Lin had thought they would disappear into the shadows, but they were still visible when he stopped and lifted the girl up against a wall. He slid his hands up under her skirt, burying his face against her neck. Her bare legs dangled around his hips as he unbuckled his trousers and thrust into her with a feverish desperation. Lin could not hear them, but the girl seemed to be patting his shoulder as he moved—an almost motherly gesture, as if to say, There, there.
Lin felt her cheeks flame. Which was what she got, she supposed, for standing and staring; Kel had stepped away for a moment to drop a coin in the cup of a young boy in a torn jacket several sizes too big. He’d only been gone for a moment, but when he returned, he took a look at Lin’s face, glanced down the alley, and smiled wryly. “That’s what they call ‘a half-crown standup,’” he said. “Cheaper if you don’t pay for a room. And no,” he added, “I don’t know that from personal experience.”
“It’s just . . . Well, it’s not like the Temple District, is it? The courtesans there have their health checked by physicians regularly.
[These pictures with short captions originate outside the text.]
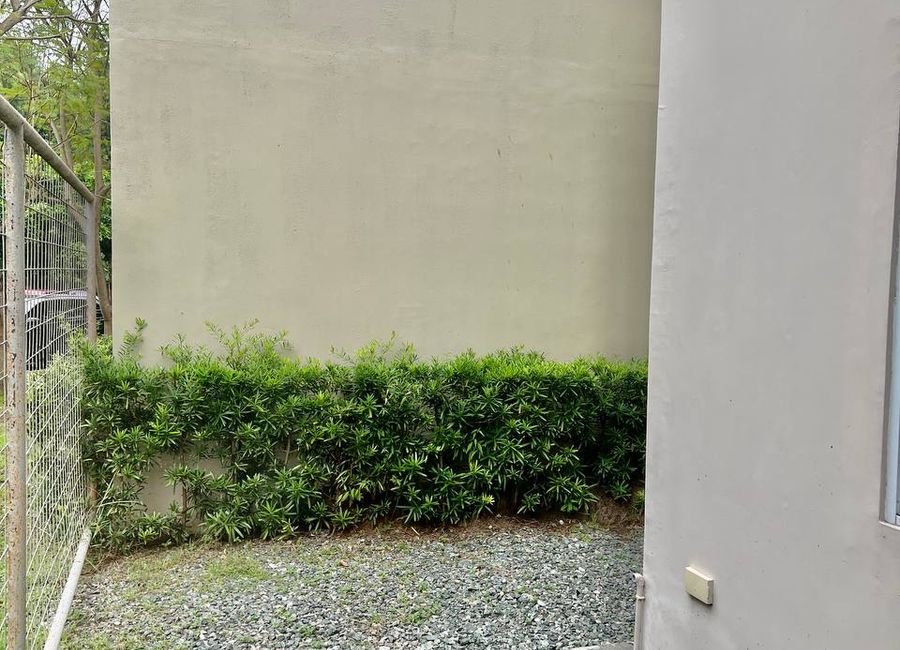 place photo 58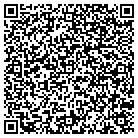 QR code with Jim Tripp Construction contacts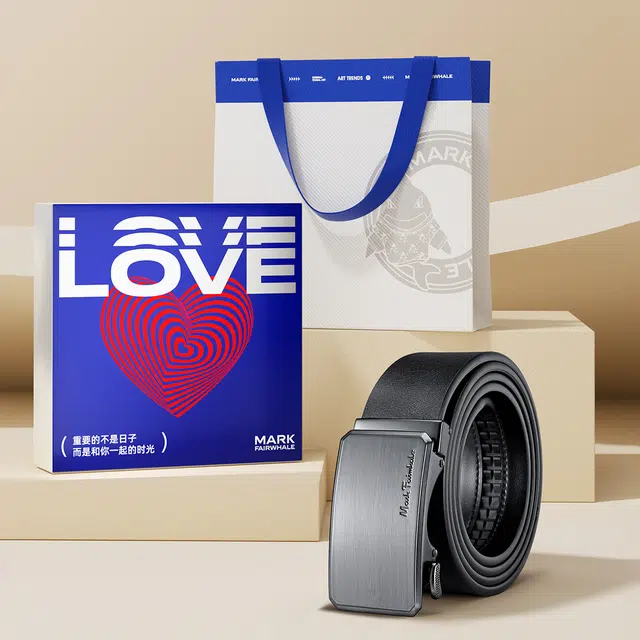 FAIRWHALE logo 3.5CM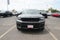 2025 Jeep Grand Cherokee L Laredo X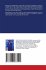 Open Apex and its Management - Bild 2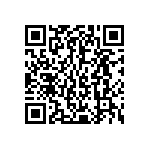 H25D-SS-2500-ABC-28V-V-EM16 QRCode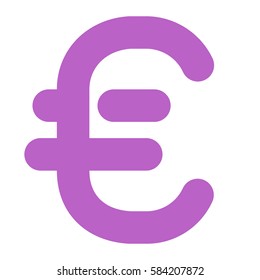 Euro Currency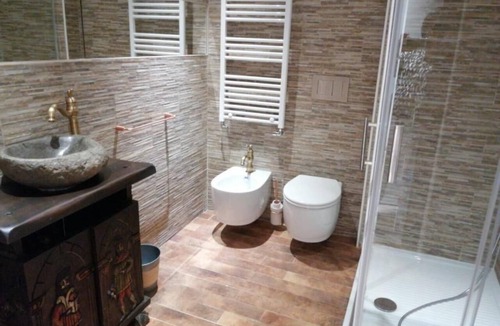 Este House | Tenuta Borgato Morelli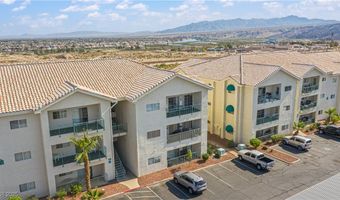 3550 Bay Sands Dr 3096, Laughlin, NV 89029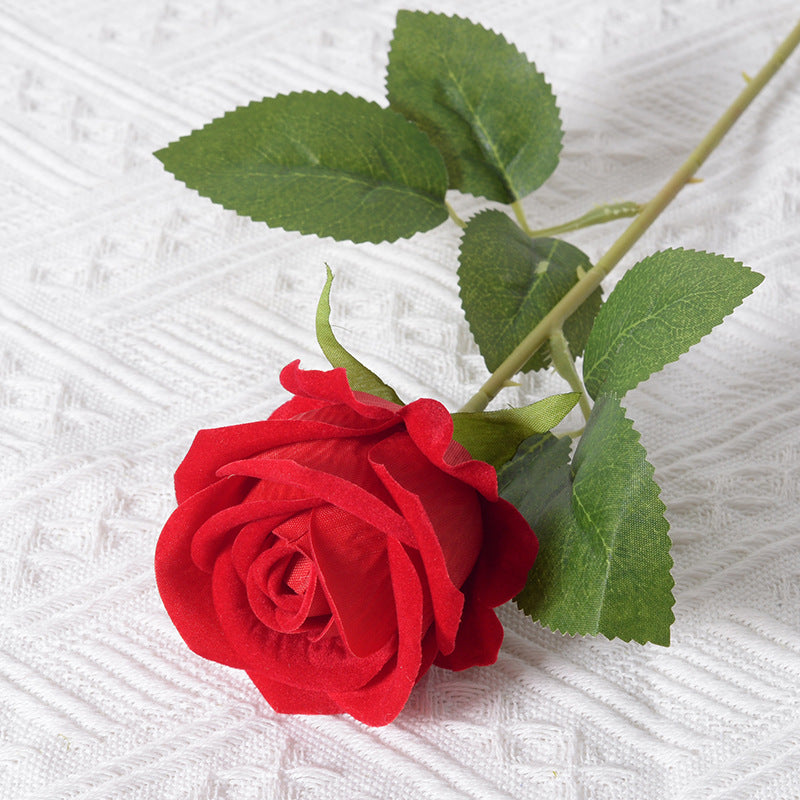 Decorative Artificial Flower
For their own protection,” she added, knowing she probably sounded extremely prudish, “as it should be.”
“To work in the Temple District is to be a courtesan,” said Kel, sounding uncharacteristically somber. “To work here in the Maze is to be desperate.” He seemed to shake off the seriousness, like a heron shaking water from its feathers. “Come. We’re not far from the market.”
They fell back into step together. Lin said, “You told me the Ragpicker King keeps offering you a job. A job doing what?”
“Spying for him, as far as I can tell. He wants to know what’s going on with the Charter Families. He has some eyes on the Hill, but not in every room.”